Listing 3 shows a DtKsh shell script that dynamically loads the “example” shared glue-layer library. Once the glue layer library is loaded and the new built-in APIs are defined, the script can make direct calls with arguments to the new built-in functions. In Listing 3, the example built-in is called with the “Hello World” arguments.
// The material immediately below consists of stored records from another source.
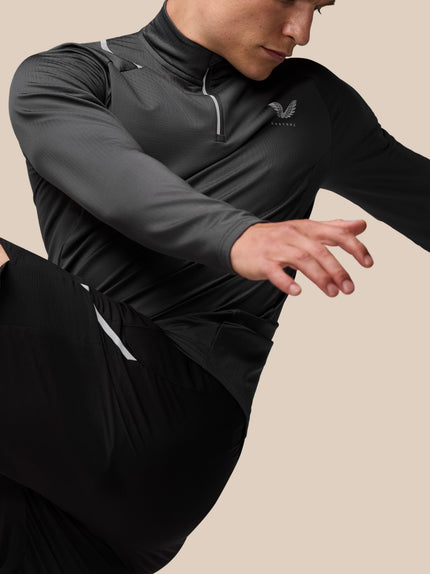 Apex Training Winterised 1/4 Zip Top - Charcoal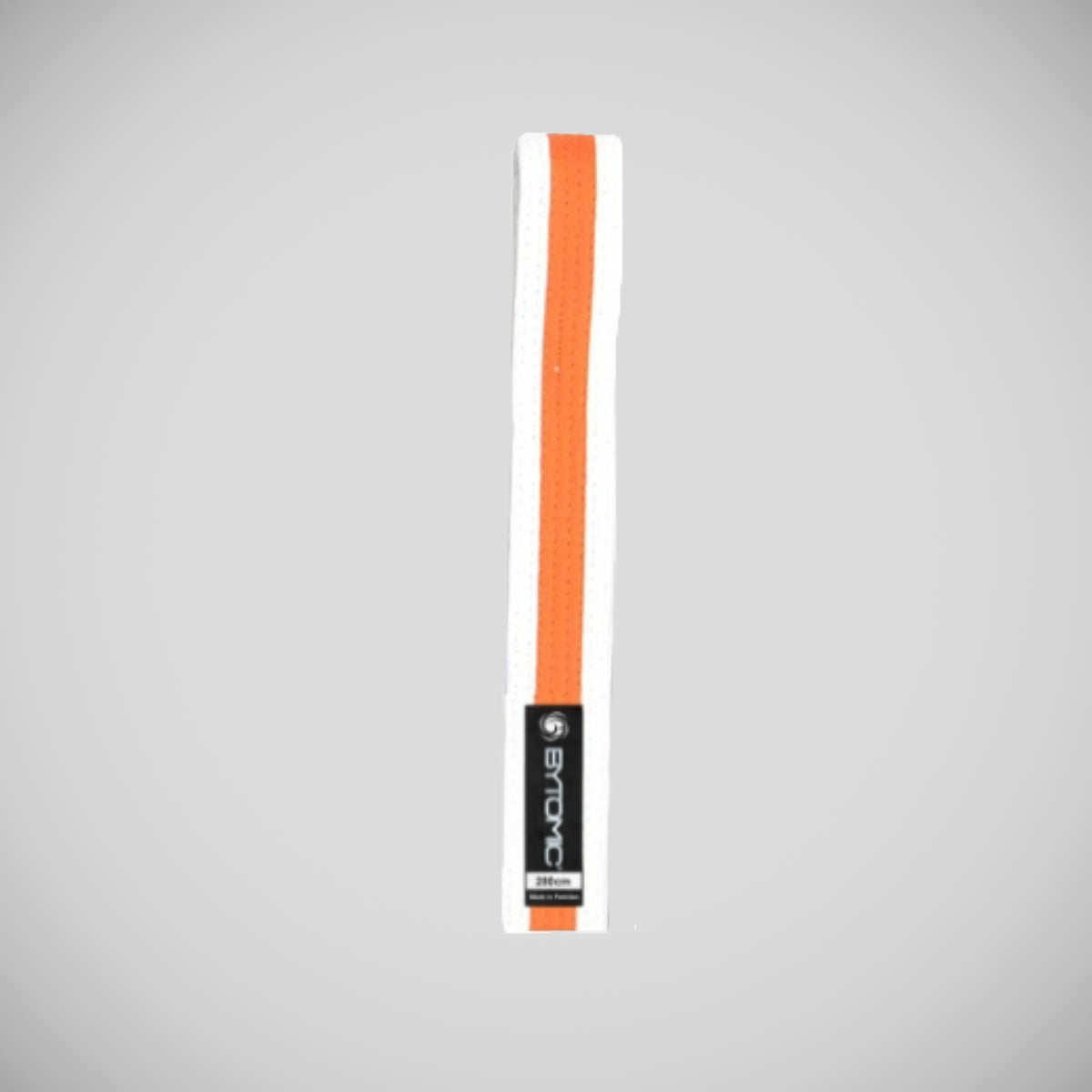 White/Orange Bytomic White Belt with Stripe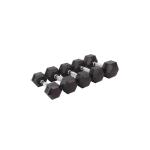 Murano Rubber Hex Premium Dumbbell 2.5KG TO 50 KG (1050KG -20 Pairs)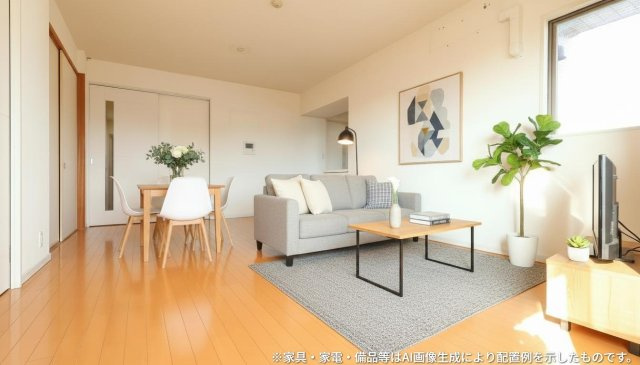 サーパス渡橋浜山通りの居間・リビング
By providing in-line built-in functions, we can run scripts much faster because we are not relying on outside programs running as separate system erocesses. Listing 4 shows the C glue-layer for the example built-in shared library. Following the rules outlined above, we prefix the example function with a b_, and we pass in an argument vector and its size. After the function has done its work, we return 0 for success and a positive integer for failure. DtKsh built-in functions can also act as procedures that pass environment variables in and out through its argument list. See Desktop KornShell Graphical Programming by J. Stephen Pendergrast, Jr. [Addison-Wesley, 1995] for more details on how to pass and retrieve environment variables from built-in procedures.

Conclusion

The Desktop Graphical Korn Shell provides programmers with the standard ksh93 baseline APIs with the addition of the X Window System, Motif and the Common Desktop Environment. Shell programmers can write portable shell scripts, prototype GUI shell scripts and migrate GUI shell scripts to faster running C programs. DtKsh also provides programmers with the ability to extend the shell language with built-in shared libraries so that scripts can benefit from feature-rich libraries, such as those for configuration management.

The Advantages of DtKsh

Acknowledgements

Graphical Desktop Korn Shell
George Kraft is an Advisory Software Engineer for IBM's Network Computer Division. He has previously worked on CDE V2.1 and V1.0 for IBM's RS/6000 Division and on X and Motif for Texas Instruments' Computer Systems Division. He has a BS in Computer Science and Mathematics from Purdue University. He can be reached via e-mail at gk4@austin.ibm.com.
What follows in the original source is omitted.